The cost of writes by the processor in a write-back cache can also be reduced. Suppose a read miss will replace a dirty memory block. Instead of writing the dirty block to memory, and then reading memory, we could copy the dirty block to a buffer, then read memory, and then write memory. This way the processor read, for which the processor is probably waiting, will finish sooner. Similar to the previous situation, if a read miss occurs, the processor can either stall until the buffer is empty or check the addresses of the words in the buffer for conflicts.
Now that we have five optimizations that reduce cache miss penalties or miss rates, it is time to look at reducing the final component of average memory access time. Hit time is critical because it can affect the clock rate of the processor; in many processors today the cache access time limits the clock cycle rate, even for processors that take multiple clock cycles to access the cache. Hence, a fast hit time is multiplied in importance beyond the average memory access time formula because it helps everything.
Even a small and simple cache must cope with the translation of a virtual address from the processor to a physical address to access memory. As described in Section B.4, processors treat main memory as just another level of the memory hierarchy, and thus the address of the virtual memory that exists on disk must be mapped onto the main memory.
The guideline of making the common case fast suggests that we use virtual addresses for the cache, because hits are much more common than misses. Such caches are termed virtual caches, with physical cache used to identify the traditional cache that uses physical addresses. As we will shortly see, it is important to distinguish two tasks: indexing the cache and comparing addresses. Thus, the issues are whether a virtual or physical address is used to index the cache and whether a virtual or physical address is used in the tag comparison. Full virtual addressing for both indices and tags eliminates address translation time from a cache hit. Then why doesn't everyone build virtually addressed caches?
One reason is protection. Page-level protection is checked as part of the virtual to physical address translation, and it must be enforced no matter what. One solution is to copy the protection information from the TLB on a miss, add a field to hold it, and check it on every access to the virtually addressed cache.
Another reason is that every time a process is switched, the virtual addresses refer to different physical addresses, requiring the cache to be flushed. Figure B.16 shows the impact on miss rates of this flushing. One solution is to increase the width of the cache address tag with a process-identifier tag (PID). If the operating system assigns these tags to processes, it only need flush the cache when a PID is recycled; that is, the PID distinguishes whether or not the data in the cache are for this program. Figure B.16 shows the improvement in miss rates by using PIDs to avoid cache flushes.
A third reason why virtual caches are not more popular is that operating systems and user programs may use two different virtual addresses for the same physical address. These duplicate addresses, called synonyms or aliases, could result in two copies of the same data in a virtual cache; if one is modified, the other will have the wrong value. With a physical cache this wouldn't happen, because the accesses would first be translated to the same physical cache block.

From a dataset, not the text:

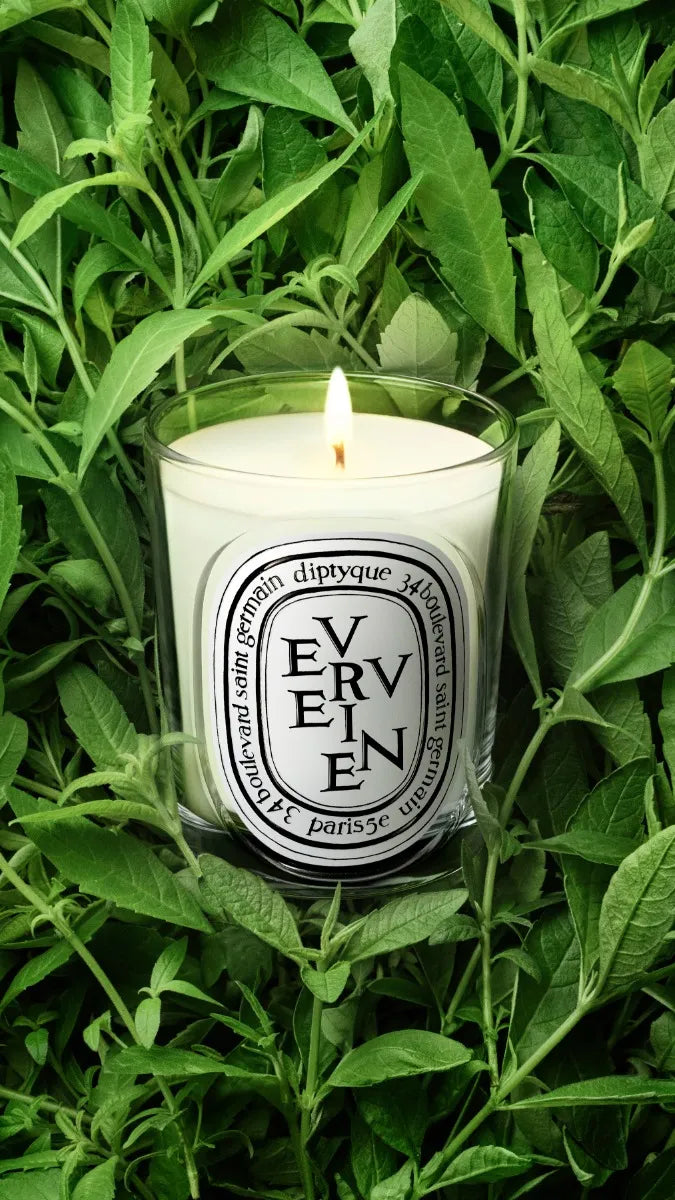Verveine (Eisenkraut) - Klassische Kerze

Hardware solutions to the synonym problem, called antialiasing, guarantee every cache block a unique physical address. For example, the AMD Opteron uses a 64 KiB instruction cache with a 4 KiB page and two-way set associativity; hence, the hardware must handle aliases involved with the three virtual address bits in the set index. It avoids aliases by simply checking all eight possible locations on a miss—two blocks in each of four sets—to be sure that none matches the physical address of the data being fetched. If one is found, it is invalidated, so when the new data are loaded into the cache their physical address is guaranteed to be unique.
Software can make this problem much easier by forcing aliases to share some address bits. An older version of UNIX from Sun Microsystems, for example, required all aliases to be identical in the last 18 bits of their addresses; this restriction is called page coloring. Note that page coloring is simply set associative mapping applied to virtual memory: the 4 KiB (212) pages are mapped using 64 (26) sets to ensure that the physical and virtual addresses match in the last 18 bits. This restriction means a direct-mapped cache that is 218 (256 K) bytes or smaller can never have duplicate physical addresses for blocks. From the perspective of the cache, page coloring effectively increases the page offset, as software guarantees that the last few bits of the virtual and physical page address are identical.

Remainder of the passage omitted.